(Given data Opens)

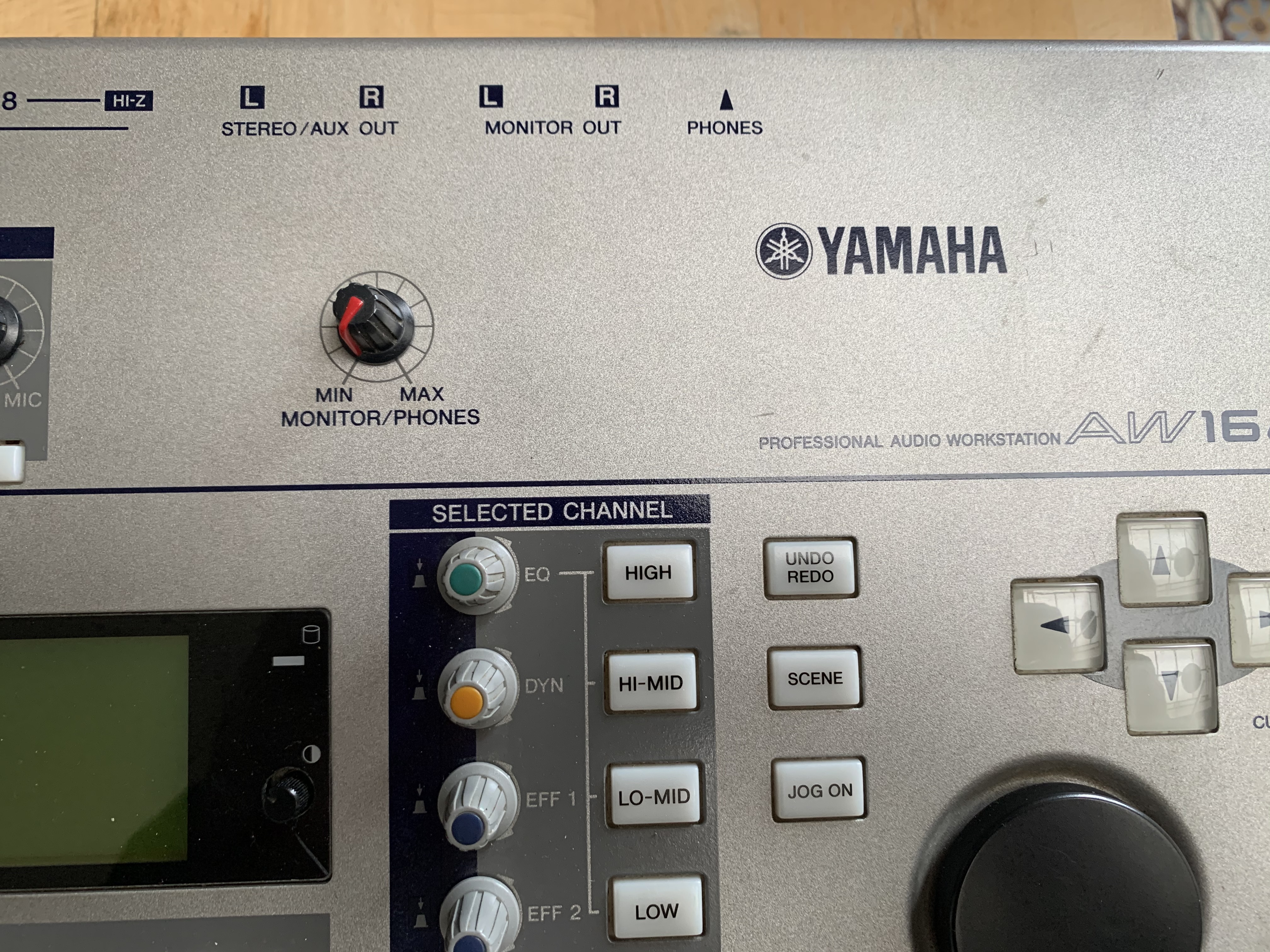 AW16G Yamaha AW16G Audiofanzine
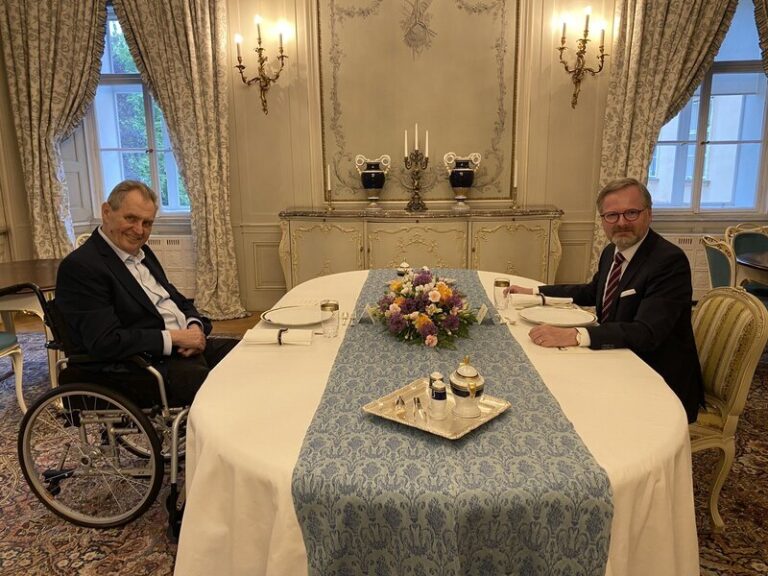 Zeman: Fiala řekl, že podepíše abolici pro Mynáře, ale nedodržel slovo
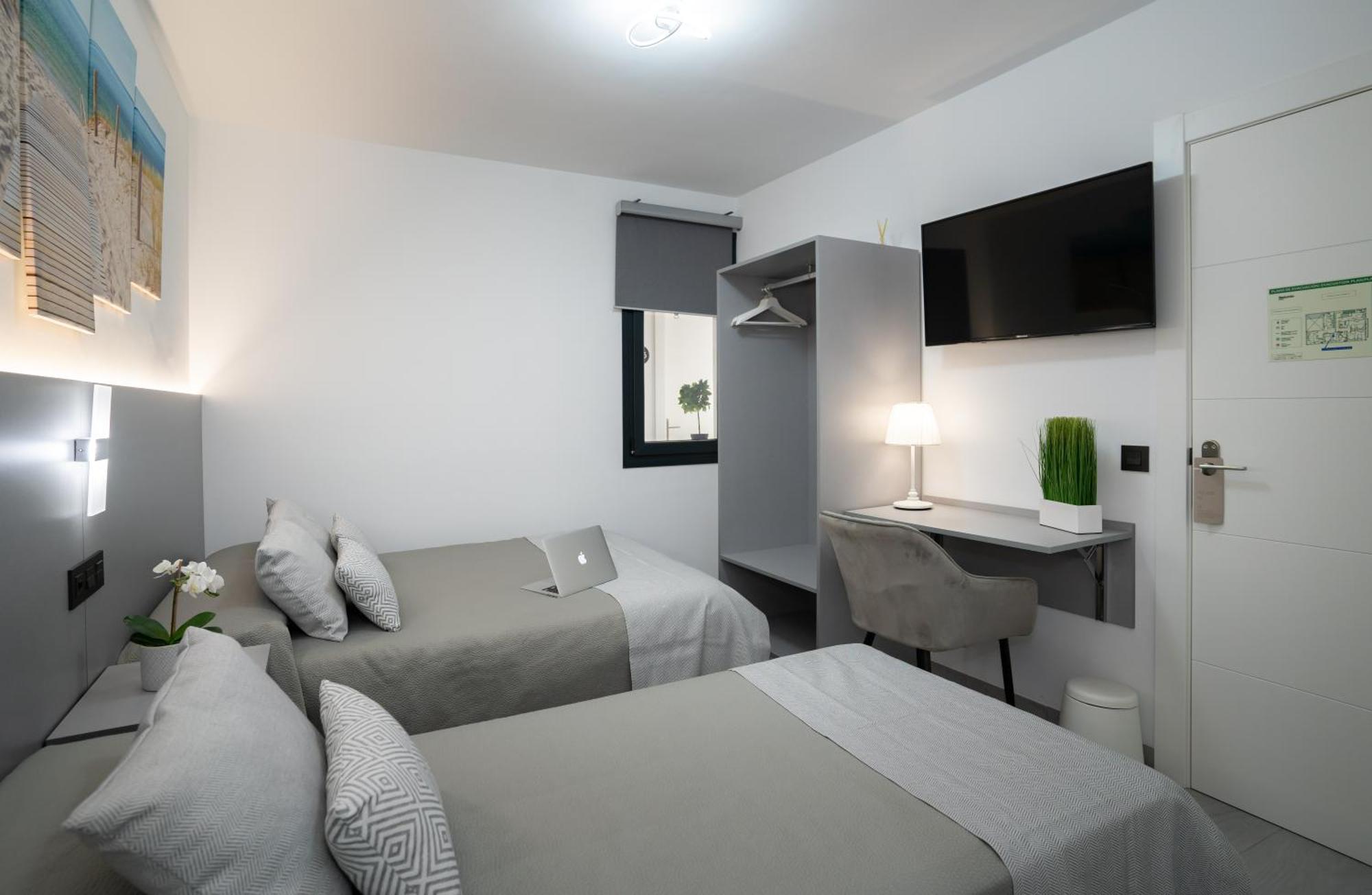 Stay Belonio L'Prados Malaga Room photo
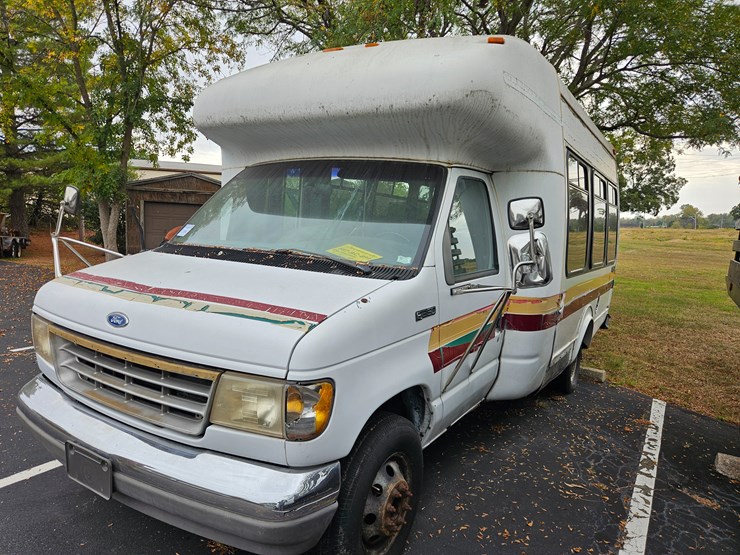 #21244-•-1996-ford-econoline-shuttle-bus-(non-runner)-image-1
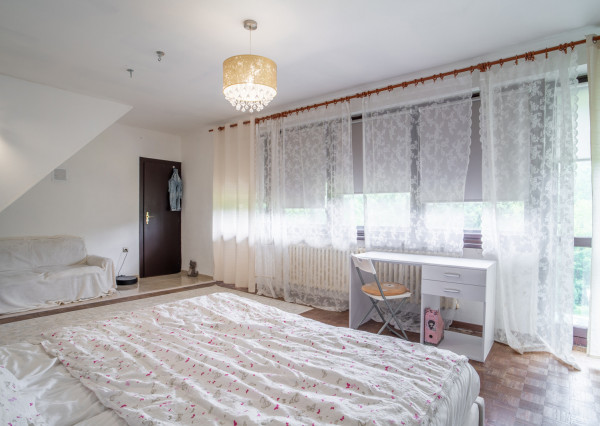 REZERVOVANÉ: Na predaj dvojgeneračný rodinný dom v obci Beladice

(Given data Closes)

→ **Task details**
When you write out the data, keep every line exact and drop the pictures.

→ **Answer**
 AW16G Yamaha AW16G Audiofanzine
 Zeman: Fiala řekl, že podepíše abolici pro Mynáře, ale nedodržel slovo
 Stay Belonio L'Prados Malaga Room photo
 #21244-•-1996-ford-econoline-shuttle-bus-(non-runner)-image-1
 REZERVOVANÉ: Na predaj dvojgeneračný rodinný dom v obci Beladice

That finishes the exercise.